世界が認める「ipad」は中国内で未登録商標なので、先に登録した中国企業がipadの販売権を有することになったようだ。これによってアップル社は中国での販売ができなくなる。法ではない人治国家らしい出来事だ。白昼堂々の居直り強盗がまかり通る世界だ。

アップル社は数年前から工場を中国に建設し、そこで製造されたものを中国および世界中に販売してきた。労働条件の劣悪さが指摘されることはあったが、共産党政府はそうした「人権」問題は放置している。それとは性質の異なる「商標権」は多額のお金と米国世論が動くので、そちらを選んだ。

では、なぜ今頃になってこうした騒動になったか?
こういう時は中南海をみてみよう。今年は共産党の指導者が交代することになっている。上海派の江沢民グループの支持を受けている太子党の習近平が次期主席に最有力である。胡錦濤退任後にも自分たちを守るためには党内に影響力を残しておかなければいけない団派たち。共産党内はこの二極の熾烈な闘争の真っ最中だ。

習近平と同じ太子党に属する重慶市長・薄熙来(はく きらい)は、腹心である王立軍副市長が四川省成都にある米国大使館に飛び込んだのを機に数十台の装甲車を向かわせて米国大使館を包囲する。それも共産党中央の静止を振り切ってのことだ。地元四川省当局はそれをさらに包囲して、戦闘寸前になった。米国大使館から出てきた王立軍の身柄は四川省側(胡錦涛一派)が引き取り、重慶からきた一軍は引き上げた。共産党始まって以来の大事件といわれたこの一件によって薄熙来は再起不能とまで言われている。一説には太子党の内ゲバともいわれるが、結果として団派が大きな獲物をつかんだ。

この時米国はなぜ王立軍の亡命を断ったのかということについて、ある中国研究者は、米国は次期主席候補の中では反米意識の薄い習近平が就任したほうが外交がしやすいと読んでいる。だから訪米を控えた習近平に恩を売る目的だろうという。そもそも共産党はギャング組織だから、その中の権力闘争に負けたものを米国が助ける必要もない。
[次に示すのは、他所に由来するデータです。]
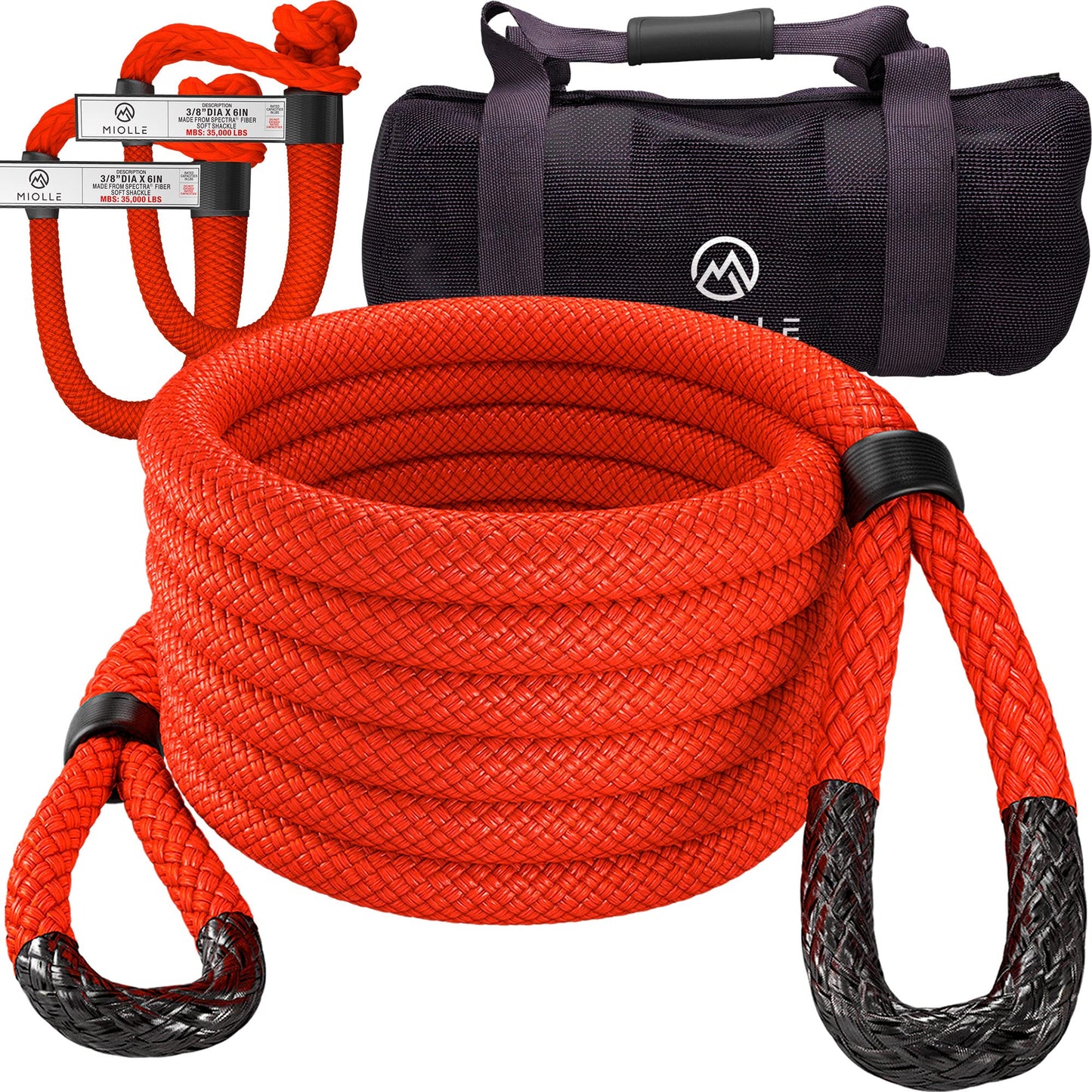 MiolleGear Kinetic Recovery Rope 1" x30' - Heavy Duty Offroad Snatch Strap - includes 2 Soft Shackle for UTV, ATV, Truck, Car, Jeep, Tractor - Ultimate Recovery Gear 1"x30' FIRECRACKER RED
習近平は米国訪問中、行く先々で人権問題だの経済摩擦だのといろいろ注文を付けられたというが、これには前記の王立軍の件が影響していると考えれば、自然な成り行きだろう。多少辛くとも耐えねばならない立場だった。だが、米国も迎えた以上は手ぶらでは返せないから、何らかの手土産をもたせただろう。

そして起きた「アップル商標騒動」
米国系企業の中でも知名度の高いアップルを標的にした商標権騒動は、民間レベルを超えて米中関係に発展するのは明らかだ。中国の理不尽さに米国民は怒りをあらわすだろう。習近平の米国外交に水を差した事件となった。

これら一連の出来事は、権力闘争の中で団派が糸を引く事件と考えれば理解しやすい。初めからアップルに罪はなく、共産党の権力闘争に利用されただけなのだ。今後もこうした不可解な事件が続くと思われるが、場合によっては内戦、そして共産党崩壊となる可能性がある。隣国に住む私たちは常にそれを想定しておかなければならない。